La Regione Abruzzo apre le porte allo studio delle lingue straniere e lo fa senza chiedere un euro ai cittadini.

L’assessore alla Formazione Roberto Santangelo e la dirigente del Servizio Formazione Nicoletta Bucco hanno presentato oggi l’avviso “Competenze linguistiche”, una misura da due milioni di euro finanziata dal Fondo sociale europeo.

Possono partecipare disoccupati, inoccupati, lavoratori e titolari di partita Iva da almeno un anno. I corsi riguardano inglese, francese, tedesco e spagnolo. La durata varia tra le 60 e le 90 ore, a seconda del livello di certificazione scelto, fino al C2.

«Presentiamo una misura a valere sul fondo sociale europeo per l’acquisizione delle competenze linguistiche rivolta a tutte le persone maggiorenni della nostra regione, fino alla competenze del C2 nelle lingue in inglese, francese e tedesco e spagnolo. sarà totalmente gratuito attraverso i centri linguistiche anche rilasciando le certificazioni», ha spiegato l’assessore Santangelo.

«L’intervento copre un gap formativo importante, proprio perché la conoscenza della lingua straniera facilita l’ingresso nel mondo del lavoro e incrementa le competenze di lavoratori e professionisti», ha detto ancora l’assessore. E aggiunge un invito diretto ai potenziali beneficiari, quello di informarsi subito presso i Centri d’esame autorizzati, già alla ricerca di candidati.

La misura introduce anche una novità sul piano sociale.

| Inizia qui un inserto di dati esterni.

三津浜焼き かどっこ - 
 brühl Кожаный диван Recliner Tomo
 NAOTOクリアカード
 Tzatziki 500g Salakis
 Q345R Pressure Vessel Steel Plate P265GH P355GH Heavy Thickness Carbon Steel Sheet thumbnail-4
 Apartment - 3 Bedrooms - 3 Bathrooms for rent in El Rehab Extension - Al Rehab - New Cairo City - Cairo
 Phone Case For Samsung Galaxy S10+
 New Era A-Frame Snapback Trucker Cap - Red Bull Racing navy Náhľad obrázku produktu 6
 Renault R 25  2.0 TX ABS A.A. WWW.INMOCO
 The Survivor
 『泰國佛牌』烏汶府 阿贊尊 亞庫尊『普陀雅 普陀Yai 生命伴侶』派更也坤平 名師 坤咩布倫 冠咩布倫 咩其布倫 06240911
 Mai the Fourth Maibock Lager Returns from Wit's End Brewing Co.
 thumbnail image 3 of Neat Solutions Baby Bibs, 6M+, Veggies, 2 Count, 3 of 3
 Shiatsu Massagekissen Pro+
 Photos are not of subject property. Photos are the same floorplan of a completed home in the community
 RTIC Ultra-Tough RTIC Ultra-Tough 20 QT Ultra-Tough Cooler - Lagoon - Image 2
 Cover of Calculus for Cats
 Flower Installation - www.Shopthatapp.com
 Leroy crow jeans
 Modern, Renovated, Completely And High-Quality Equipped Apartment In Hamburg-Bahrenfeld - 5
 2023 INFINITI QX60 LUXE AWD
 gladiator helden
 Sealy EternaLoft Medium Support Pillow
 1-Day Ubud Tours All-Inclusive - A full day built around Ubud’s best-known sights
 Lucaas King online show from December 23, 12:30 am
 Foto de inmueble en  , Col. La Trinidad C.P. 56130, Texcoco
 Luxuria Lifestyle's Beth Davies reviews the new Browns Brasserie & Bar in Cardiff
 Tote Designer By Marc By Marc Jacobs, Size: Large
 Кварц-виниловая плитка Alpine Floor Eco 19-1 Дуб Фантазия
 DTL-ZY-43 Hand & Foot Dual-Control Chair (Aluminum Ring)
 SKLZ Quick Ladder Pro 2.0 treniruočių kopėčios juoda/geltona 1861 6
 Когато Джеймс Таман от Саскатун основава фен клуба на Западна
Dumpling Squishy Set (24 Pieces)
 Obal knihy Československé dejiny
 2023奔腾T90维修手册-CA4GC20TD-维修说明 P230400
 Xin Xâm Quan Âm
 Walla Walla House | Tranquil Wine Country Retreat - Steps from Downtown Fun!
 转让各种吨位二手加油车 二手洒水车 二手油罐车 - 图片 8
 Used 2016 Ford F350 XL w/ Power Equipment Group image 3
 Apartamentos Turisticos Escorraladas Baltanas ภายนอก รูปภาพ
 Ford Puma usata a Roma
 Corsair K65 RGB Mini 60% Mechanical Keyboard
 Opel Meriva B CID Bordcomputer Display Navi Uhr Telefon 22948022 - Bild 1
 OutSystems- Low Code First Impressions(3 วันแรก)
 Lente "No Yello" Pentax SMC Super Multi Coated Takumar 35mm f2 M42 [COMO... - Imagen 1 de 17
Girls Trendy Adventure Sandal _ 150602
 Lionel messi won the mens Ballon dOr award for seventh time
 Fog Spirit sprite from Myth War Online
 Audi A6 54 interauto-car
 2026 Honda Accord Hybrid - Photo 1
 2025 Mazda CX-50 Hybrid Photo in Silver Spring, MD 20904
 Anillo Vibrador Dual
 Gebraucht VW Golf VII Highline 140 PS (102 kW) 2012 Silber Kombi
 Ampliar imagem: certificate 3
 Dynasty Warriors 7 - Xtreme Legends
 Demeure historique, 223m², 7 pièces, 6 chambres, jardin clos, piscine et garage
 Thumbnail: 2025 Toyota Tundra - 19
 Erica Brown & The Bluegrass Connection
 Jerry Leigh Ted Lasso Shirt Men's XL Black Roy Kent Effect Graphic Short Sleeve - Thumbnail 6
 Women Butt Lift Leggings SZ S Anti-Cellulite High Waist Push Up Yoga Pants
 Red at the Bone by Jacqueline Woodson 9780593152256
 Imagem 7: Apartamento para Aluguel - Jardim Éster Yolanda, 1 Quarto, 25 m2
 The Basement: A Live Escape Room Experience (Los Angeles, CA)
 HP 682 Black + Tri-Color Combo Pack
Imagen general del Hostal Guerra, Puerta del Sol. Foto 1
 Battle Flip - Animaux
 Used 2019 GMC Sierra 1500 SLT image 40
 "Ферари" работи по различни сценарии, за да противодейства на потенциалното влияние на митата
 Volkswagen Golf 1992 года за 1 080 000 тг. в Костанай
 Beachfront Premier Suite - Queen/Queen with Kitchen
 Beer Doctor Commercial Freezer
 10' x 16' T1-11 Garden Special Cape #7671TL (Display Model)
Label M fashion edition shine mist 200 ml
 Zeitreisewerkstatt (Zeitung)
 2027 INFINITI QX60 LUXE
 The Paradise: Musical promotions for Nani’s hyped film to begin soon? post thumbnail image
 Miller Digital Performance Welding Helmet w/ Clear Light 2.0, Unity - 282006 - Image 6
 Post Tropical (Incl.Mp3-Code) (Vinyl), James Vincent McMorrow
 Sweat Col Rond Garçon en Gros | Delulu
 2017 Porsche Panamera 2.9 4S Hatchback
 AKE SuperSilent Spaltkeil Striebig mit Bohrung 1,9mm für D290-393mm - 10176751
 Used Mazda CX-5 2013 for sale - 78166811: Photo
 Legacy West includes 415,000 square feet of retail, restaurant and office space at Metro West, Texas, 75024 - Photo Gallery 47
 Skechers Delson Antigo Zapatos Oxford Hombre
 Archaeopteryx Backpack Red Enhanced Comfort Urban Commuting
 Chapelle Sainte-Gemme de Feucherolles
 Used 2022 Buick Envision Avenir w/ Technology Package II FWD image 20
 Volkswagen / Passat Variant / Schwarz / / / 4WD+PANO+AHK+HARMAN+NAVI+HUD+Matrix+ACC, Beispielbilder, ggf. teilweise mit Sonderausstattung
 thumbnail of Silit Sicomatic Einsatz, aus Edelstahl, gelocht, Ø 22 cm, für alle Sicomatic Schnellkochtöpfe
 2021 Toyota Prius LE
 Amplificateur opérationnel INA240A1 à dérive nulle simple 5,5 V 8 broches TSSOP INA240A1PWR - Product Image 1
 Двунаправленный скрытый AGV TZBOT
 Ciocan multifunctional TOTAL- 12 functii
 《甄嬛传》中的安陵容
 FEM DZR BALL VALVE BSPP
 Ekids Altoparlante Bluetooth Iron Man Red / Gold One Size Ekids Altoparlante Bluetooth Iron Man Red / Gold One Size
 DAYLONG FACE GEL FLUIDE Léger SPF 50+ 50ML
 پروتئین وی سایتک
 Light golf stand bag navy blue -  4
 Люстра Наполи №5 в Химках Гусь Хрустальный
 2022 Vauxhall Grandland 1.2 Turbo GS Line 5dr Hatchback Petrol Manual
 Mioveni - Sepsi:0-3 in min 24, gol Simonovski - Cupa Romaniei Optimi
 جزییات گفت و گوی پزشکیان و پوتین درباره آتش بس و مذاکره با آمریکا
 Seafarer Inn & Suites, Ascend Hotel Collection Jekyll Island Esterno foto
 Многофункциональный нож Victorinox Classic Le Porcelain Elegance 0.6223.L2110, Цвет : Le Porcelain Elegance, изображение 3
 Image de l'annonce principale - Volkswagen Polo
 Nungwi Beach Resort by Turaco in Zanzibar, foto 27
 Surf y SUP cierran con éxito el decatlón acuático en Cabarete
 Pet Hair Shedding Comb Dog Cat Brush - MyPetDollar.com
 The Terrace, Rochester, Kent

È prevista una riserva del 30 per cento di presenza femminile, a pena di inammissibilità del corso. «La previsione di una quota rosa risponde a un’esigenza pratica perché intende promuovere l’accesso equo alle opportunità formative, sostenere i processi di empowerment femminile e contribuire al superamento delle disparità di genere nel mercato del lavoro», sottolinea Santangelo.

Le candidature si aprono il 6 luglio e vanno presentate esclusivamente dai Centri d’esame autorizzati per la certificazione linguistica, riconosciuti dal ministero dell’Istruzione. Chi vuole partecipare deve quindi contattare direttamente questi centri, non la Regione.

Dietro la gratuità dei corsi abbiamo individuato un qualcosa che vale la pena notare. La misura non finanzia direttamente i cittadini, ma passa attraverso i Centri d’esame, che diventano il vero snodo operativo dell’iniziativa. Significa che il successo del progetto dipenderà dalla capacità di questi enti di intercettare chi ha davvero bisogno di una certificazione, non solo chi già sapeva come muoversi. Un dettaglio tecnico che però decide se la misura resterà sulla carta o migliorerà davvero il curriculum di migliaia di abruzzesi.